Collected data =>
****************************************

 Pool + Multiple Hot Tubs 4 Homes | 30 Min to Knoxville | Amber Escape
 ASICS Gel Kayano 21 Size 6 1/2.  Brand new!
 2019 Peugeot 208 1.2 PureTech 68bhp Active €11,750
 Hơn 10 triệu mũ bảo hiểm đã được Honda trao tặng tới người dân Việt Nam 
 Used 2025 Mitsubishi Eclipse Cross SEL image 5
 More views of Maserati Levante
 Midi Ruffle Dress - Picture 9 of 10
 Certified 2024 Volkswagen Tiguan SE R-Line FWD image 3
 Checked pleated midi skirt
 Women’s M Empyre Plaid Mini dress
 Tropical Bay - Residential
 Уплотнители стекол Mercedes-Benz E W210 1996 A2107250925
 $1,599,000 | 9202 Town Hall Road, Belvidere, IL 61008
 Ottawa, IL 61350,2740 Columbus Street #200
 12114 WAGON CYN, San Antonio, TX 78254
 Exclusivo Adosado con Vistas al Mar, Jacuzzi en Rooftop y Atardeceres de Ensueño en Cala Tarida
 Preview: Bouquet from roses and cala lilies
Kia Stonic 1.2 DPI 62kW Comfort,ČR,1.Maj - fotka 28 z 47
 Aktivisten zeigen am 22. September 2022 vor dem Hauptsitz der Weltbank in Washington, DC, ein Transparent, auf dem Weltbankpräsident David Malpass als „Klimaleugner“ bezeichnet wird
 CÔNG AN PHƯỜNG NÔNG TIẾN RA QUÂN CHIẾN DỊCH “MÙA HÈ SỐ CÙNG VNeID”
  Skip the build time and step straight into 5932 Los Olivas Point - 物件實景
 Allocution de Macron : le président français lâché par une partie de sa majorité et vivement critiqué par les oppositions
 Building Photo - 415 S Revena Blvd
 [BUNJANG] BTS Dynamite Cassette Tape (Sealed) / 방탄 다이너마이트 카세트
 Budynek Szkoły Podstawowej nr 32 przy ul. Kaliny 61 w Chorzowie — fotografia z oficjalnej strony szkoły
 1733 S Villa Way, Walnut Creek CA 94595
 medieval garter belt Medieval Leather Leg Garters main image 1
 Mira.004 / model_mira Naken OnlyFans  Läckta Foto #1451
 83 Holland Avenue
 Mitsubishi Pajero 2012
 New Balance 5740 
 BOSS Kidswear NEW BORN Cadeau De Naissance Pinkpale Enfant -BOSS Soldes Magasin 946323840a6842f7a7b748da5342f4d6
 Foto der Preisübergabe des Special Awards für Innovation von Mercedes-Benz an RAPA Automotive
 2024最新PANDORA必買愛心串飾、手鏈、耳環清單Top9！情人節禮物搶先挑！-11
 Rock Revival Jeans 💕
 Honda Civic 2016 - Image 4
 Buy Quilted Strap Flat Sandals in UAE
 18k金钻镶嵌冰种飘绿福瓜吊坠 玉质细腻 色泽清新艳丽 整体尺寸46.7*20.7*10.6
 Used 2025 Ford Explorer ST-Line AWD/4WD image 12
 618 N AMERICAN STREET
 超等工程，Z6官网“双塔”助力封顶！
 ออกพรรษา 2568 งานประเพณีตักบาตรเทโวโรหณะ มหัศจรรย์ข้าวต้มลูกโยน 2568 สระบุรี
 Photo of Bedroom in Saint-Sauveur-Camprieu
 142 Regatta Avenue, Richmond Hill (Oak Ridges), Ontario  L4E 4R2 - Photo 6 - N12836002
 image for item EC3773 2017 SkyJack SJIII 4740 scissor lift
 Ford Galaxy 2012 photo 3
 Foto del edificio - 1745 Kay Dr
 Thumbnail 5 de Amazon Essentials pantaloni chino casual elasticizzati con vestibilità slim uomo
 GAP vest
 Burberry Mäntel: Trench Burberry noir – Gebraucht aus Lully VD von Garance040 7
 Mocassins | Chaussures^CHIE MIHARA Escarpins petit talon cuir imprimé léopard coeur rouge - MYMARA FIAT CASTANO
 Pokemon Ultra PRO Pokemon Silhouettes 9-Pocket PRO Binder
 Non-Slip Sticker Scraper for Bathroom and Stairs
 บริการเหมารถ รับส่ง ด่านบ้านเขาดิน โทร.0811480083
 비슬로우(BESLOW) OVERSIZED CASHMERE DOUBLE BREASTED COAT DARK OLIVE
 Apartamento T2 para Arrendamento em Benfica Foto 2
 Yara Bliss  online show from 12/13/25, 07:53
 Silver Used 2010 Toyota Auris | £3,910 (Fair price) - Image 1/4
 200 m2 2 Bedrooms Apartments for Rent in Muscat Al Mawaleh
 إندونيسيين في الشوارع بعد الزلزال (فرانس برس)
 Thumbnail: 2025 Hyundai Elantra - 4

****************************************

What the task asks => From the entries above, extract only the lines running from the one containing "Buy Quilted Strap Flat Sandals in UAE" through the one containing "Burberry Mäntel: Trench", inclusive.

Response box =>
 Buy Quilted Strap Flat Sandals in UAE
 18k金钻镶嵌冰种飘绿福瓜吊坠 玉质细腻 色泽清新艳丽 整体尺寸46.7*20.7*10.6
 Used 2025 Ford Explorer ST-Line AWD/4WD image 12
 618 N AMERICAN STREET
 超等工程，Z6官网“双塔”助力封顶！
 ออกพรรษา 2568 งานประเพณีตักบาตรเทโวโรหณะ มหัศจรรย์ข้าวต้มลูกโยน 2568 สระบุรี
 Photo of Bedroom in Saint-Sauveur-Camprieu
 142 Regatta Avenue, Richmond Hill (Oak Ridges), Ontario  L4E 4R2 - Photo 6 - N12836002
 image for item EC3773 2017 SkyJack SJIII 4740 scissor lift
 Ford Galaxy 2012 photo 3
 Foto del edificio - 1745 Kay Dr
 Thumbnail 5 de Amazon Essentials pantaloni chino casual elasticizzati con vestibilità slim uomo
 GAP vest
 Burberry Mäntel: Trench Burberry noir – Gebraucht aus Lully VD von Garance040 7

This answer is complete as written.